◆ PROBLEM TO SOLVE ◆
From the records below, please print only the lines from the one containing "LEWKIN Graphic Lace" through the one containing "Beige sandalen met", both included. Skip the pictures.

━━━ MATERIAL SHOWN

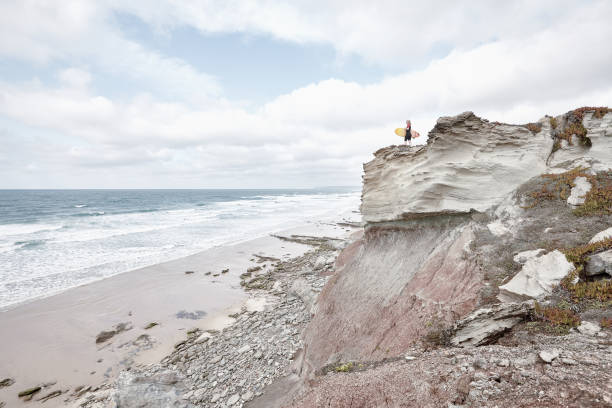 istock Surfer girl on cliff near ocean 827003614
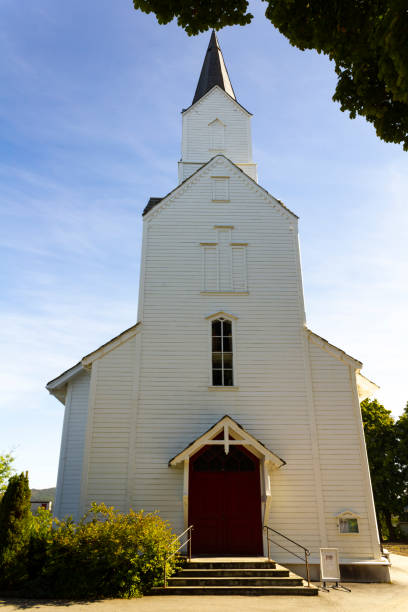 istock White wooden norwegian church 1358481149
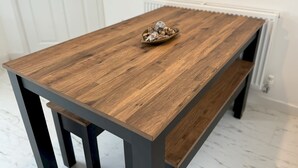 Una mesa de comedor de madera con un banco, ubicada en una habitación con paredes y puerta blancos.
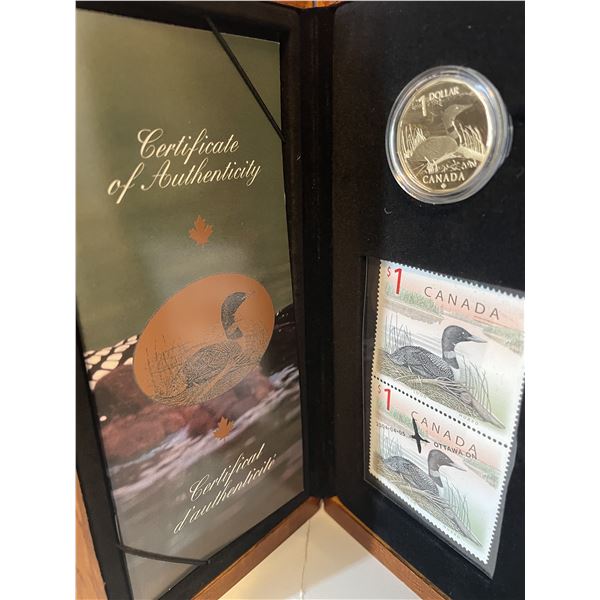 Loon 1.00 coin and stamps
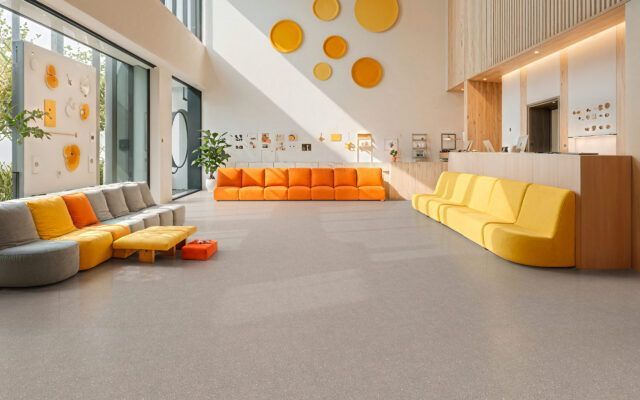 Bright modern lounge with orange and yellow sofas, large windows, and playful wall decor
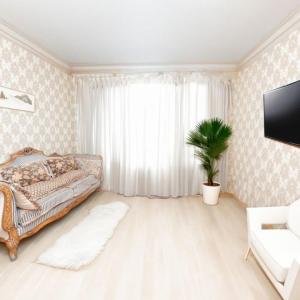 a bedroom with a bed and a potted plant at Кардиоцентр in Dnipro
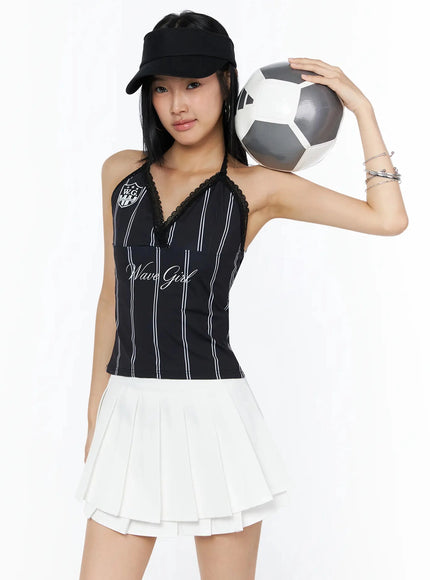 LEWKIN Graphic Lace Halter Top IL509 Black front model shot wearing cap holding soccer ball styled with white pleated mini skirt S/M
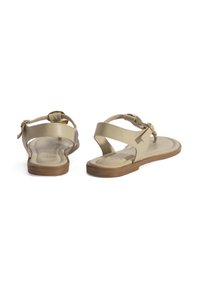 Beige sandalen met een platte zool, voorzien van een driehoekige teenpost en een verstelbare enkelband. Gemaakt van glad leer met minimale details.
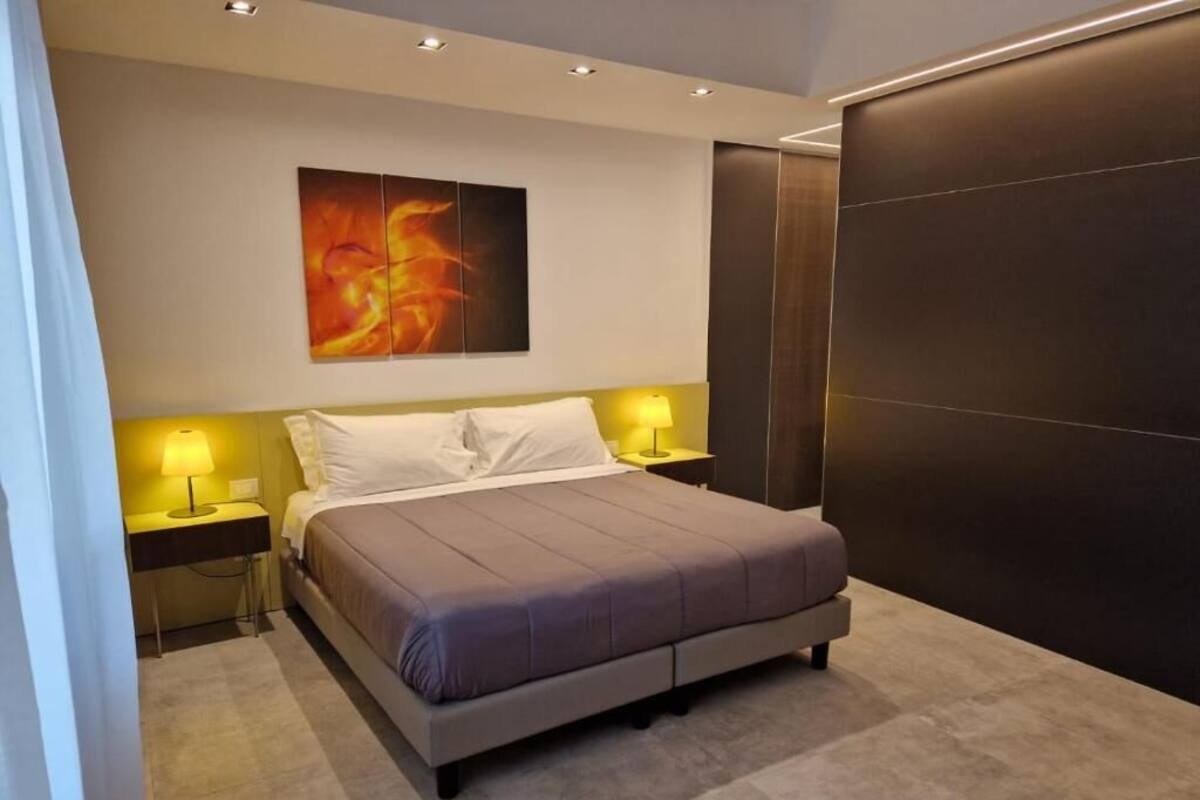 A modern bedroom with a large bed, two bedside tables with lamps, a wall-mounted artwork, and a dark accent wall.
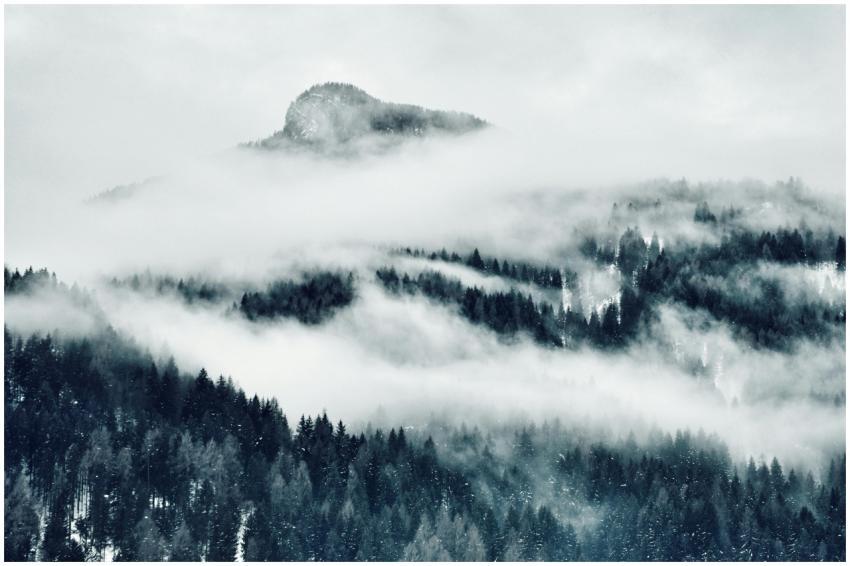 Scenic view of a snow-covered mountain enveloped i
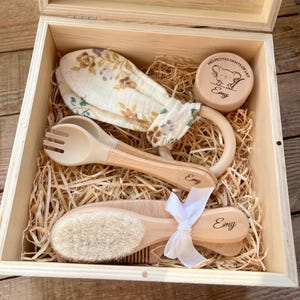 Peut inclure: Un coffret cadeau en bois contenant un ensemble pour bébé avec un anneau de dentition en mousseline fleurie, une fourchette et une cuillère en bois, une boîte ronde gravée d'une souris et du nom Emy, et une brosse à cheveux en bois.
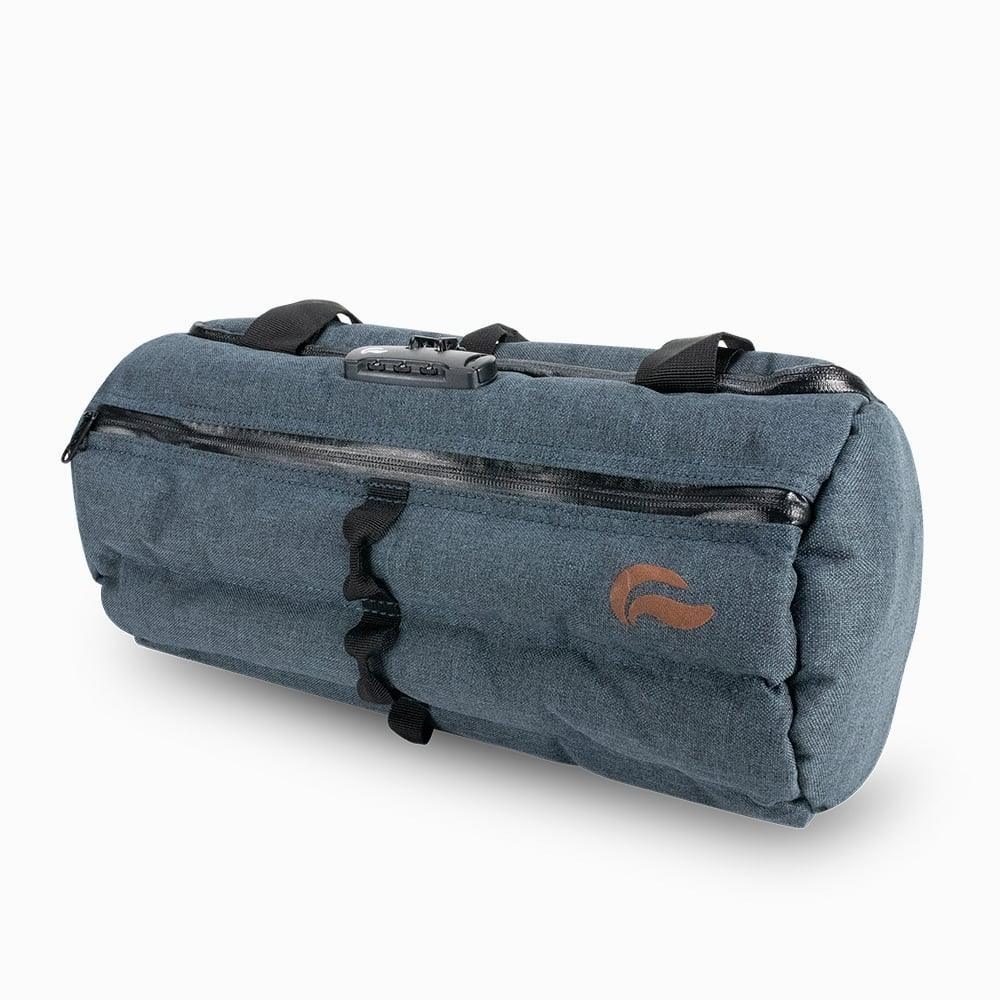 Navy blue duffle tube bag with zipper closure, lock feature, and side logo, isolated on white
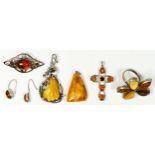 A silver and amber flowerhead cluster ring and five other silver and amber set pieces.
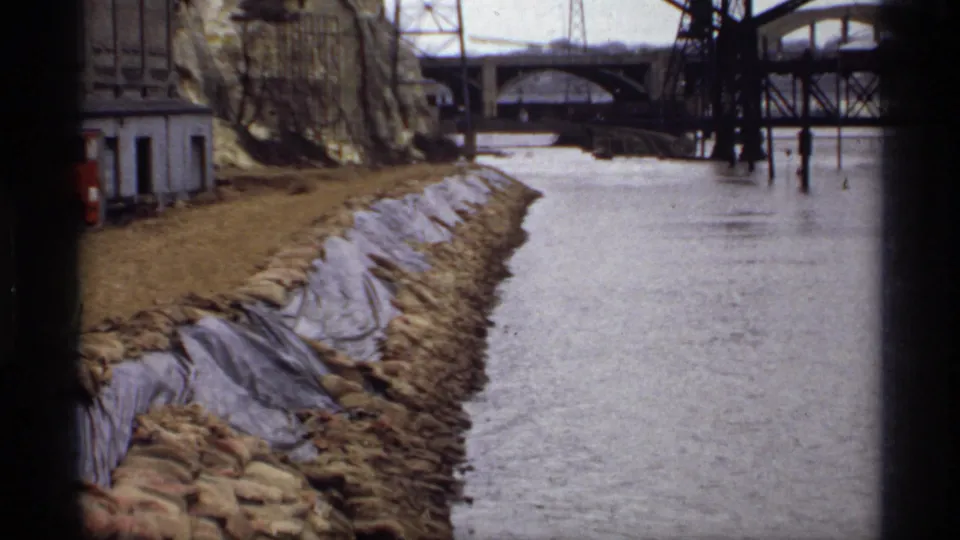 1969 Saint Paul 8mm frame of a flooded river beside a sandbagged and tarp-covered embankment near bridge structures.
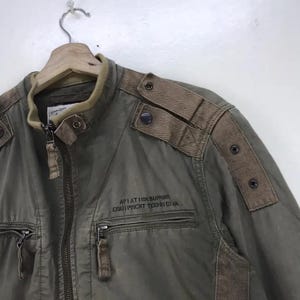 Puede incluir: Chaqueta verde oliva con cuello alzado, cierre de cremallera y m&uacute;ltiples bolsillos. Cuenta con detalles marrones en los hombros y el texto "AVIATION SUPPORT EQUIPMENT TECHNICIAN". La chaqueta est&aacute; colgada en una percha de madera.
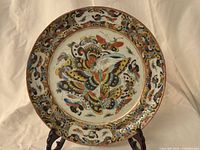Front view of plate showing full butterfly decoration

━━━━━━

◆ RESPONSE TO THE TASK ◆
 LEWKIN Graphic Lace Halter Top IL509 Black front model shot wearing cap holding soccer ball styled with white pleated mini skirt S/M
 Beige sandalen met een platte zool, voorzien van een driehoekige teenpost en een verstelbare enkelband. Gemaakt van glad leer met minimale details.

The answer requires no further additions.